Hasta ahora, se ha dado luz verde a riegos en el Canal General del Páramo, el Páramo Medio y el Canal de Castañón, según detalla Carnero, quien incide en que el Páramo ha pasado en los últimos meses de estar encharcado a causa de las abundantes lluvias de febrero a presentar un aspecto completamente seco.
Desequilibrio
En cuanto a los precios de los insumos, el responsable del sindicato central de Barrios de Luna asegura que el panorama que se avecina tampoco invita al optimismo y «no se mueve ni un euro la tonelada de maíz». Un desequilibrio entre costes e ingresos que ha provocado que algunos agricultores «no se atrevan ni a arrancar el tractor», argumenta, al tiempo que recuerda que «los imputs son igual para todos: maíz, remolacha, patata, alubia... y con precios a la baja».
Esta realidad es que motiva que la campaña, en términos agrícolas y de rendimento, vaya a ser «muy mala», al margen de la disponibilidad de agua. Una visión de principios del mes de abril, pero que «pinta a peor de cara a lo que queda de año».
Carnero subraya que «toda la vida en el campo y no he visto nunca una campaña como esta, en la que no sabemos qué va a pasar, lo que genera una gran preocupación», a pesar de que en el campo «no tenemos tiempo para pensar en esto, porque tenemos que sembrar».
Las buenas previsiones en el ámbito hidrológico no arreglan la cara fea de los precios: «Podríamos estar hablando de una campaña tranquila porque el tema del agua está solventado, pero no es así», matiza.
Sobre las medidas que el Gobierno para paliar una subida de costes «bestial», Carnero asegura que «bienvenidos sean los 20 céntimos por litro, pero son insuficientes», lo que traslada también a los fertilizantes. A este respecto, apunta a que si los límites ya estaban ajustados a base de ampliar explotaciones, ahora se puede dar la paradoja de que eso se convierta en un problema por los mayores costes que supone».

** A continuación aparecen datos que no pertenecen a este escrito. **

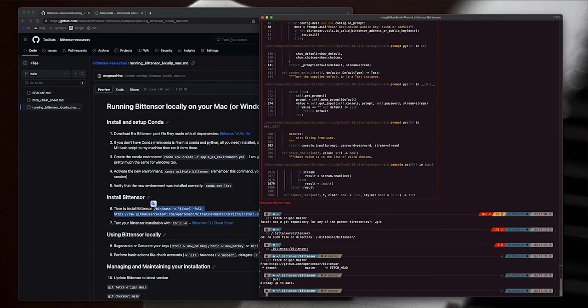There you go, that is how you set up BitTensor in less than 30 minutes locally on your Mac. Thank you.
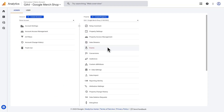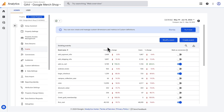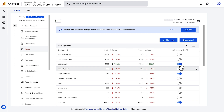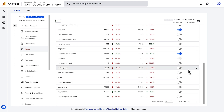In the admin menu, click on events. You'll see a table with your existing events. In the mark as conversion column, you can find the event you would like to use as a conversion and toggle this setting on for that row.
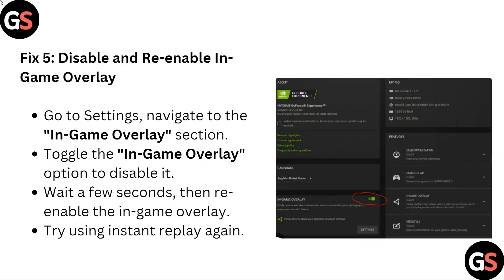Fix 5: Disable and Re-enable In-Game Overlay. Go to Settings and navigate to the In-Game Overlay section. Toggle the In-Game Overlay option to disable it. Wait a few seconds, then re-enable the In-Game Overlay. Try using Instant Replay again.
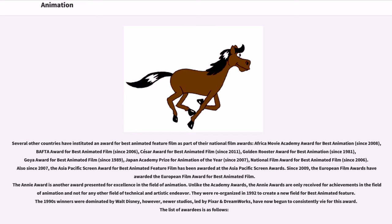Since 2009, the European Film Awards have awarded the European Film Award for Best Animated Film. The Annie Award is another award presented for excellence in the field of animation. Unlike the Academy Awards, the Annie Awards are only received for achievements in the field of animation and not for any other field of technical or artistic endeavor. They were reorganized in 1992 to create a new field for Best Animated Feature. The 1990s winners were dominated by Walt Disney; however, newer studios led by Pixar and DreamWorks have now begun to consistently compete for this award.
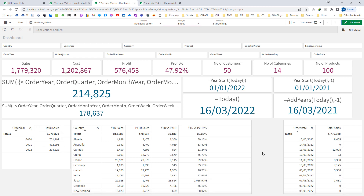In this video we created set expressions for year-to-date sales and previous year-to-date sales. We also learned how to bypass all calendar fields while creating YTD and previous YTD sales. We created expressions to compare YTD versus previous YTD sales and found the YTD versus previous YTD percentage. We created variables for all these expressions and used variables instead of normal expressions. Hope you liked the video — please do share and subscribe. Thanks and have a great day!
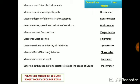Densimeter measures the specific gravity of liquids. Densitometer measures the degree of darkness in photography. Disdrometer determines the size, speed, and velocity of raindrops. Evaporimeter measures the rate of evaporation flux.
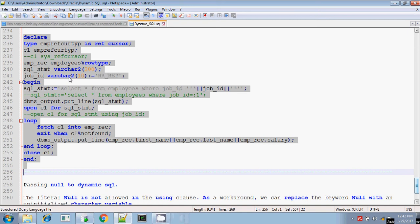Hi, this is Sridhar. Today I will explain how to construct a dynamic SQL statement and use that dynamic SQL statement while opening a reference cursor or SYS_REFCURSOR. First, we will discuss about the reference cursor.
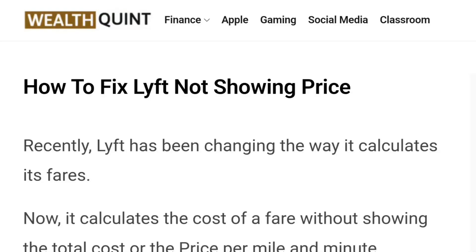Hello everybody, welcome back to the YouTube channel. Today we're going to learn how to fix Lyft not showing price. Recently, Lyft has been changing the way it calculates its fares — it now calculates the cost of a fare without showing the total cost or price per mile and minute. Knowing the estimated cost before starting the ride will help customers make timely decisions beforehand.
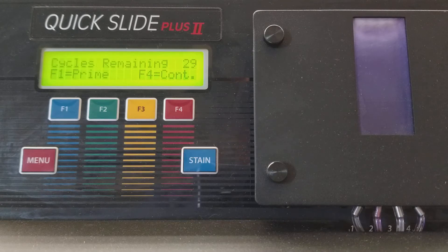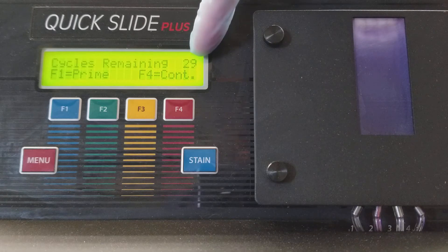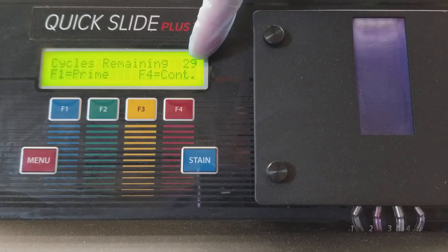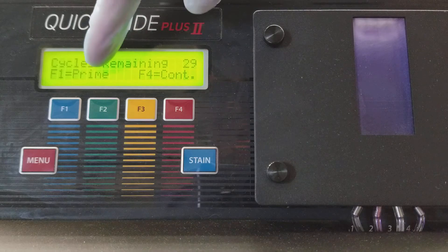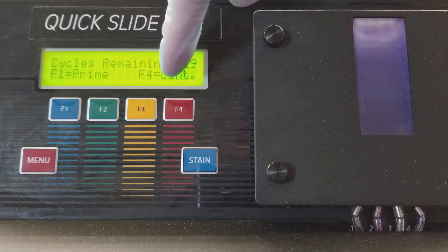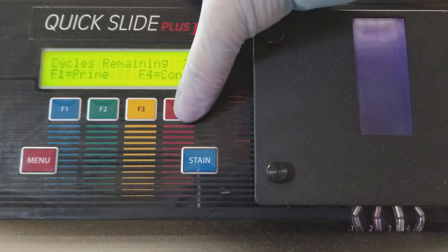So now it's telling me how many cycles I have remaining. I have 29 left and I can either prime again or I can continue on and I'm going to continue on.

«Lo que gastamos sube mucho y lo que vendemos no», dice Asaja
«Los embalses leoneses presentan una buena capacidad y esperamos que el agua que nos da la CHD sea suficiente y no haya sobresaltos», señala Arsenio García, presidente de Asaja León. En lo que también incide García es en el asunto de los precios: «Vamos a hacer una siembra con unos costes elevadísimos». Lo que hay de cierto, a su juicio, es que «lo que gastamos está subiendo mucho y lo que vendemos no ha repuntado», lo que pone de manifiesto el desequilibrio. «Se hace una inversión como nunca se ha hecho sin la certeza de lo que va a llegar de vuelta», explica el responsable de Asaja en la provincia, quien añade que «si esto no cambia», el panorama no es nada alentador para el campo de cara a lo que queda de año y de campaña.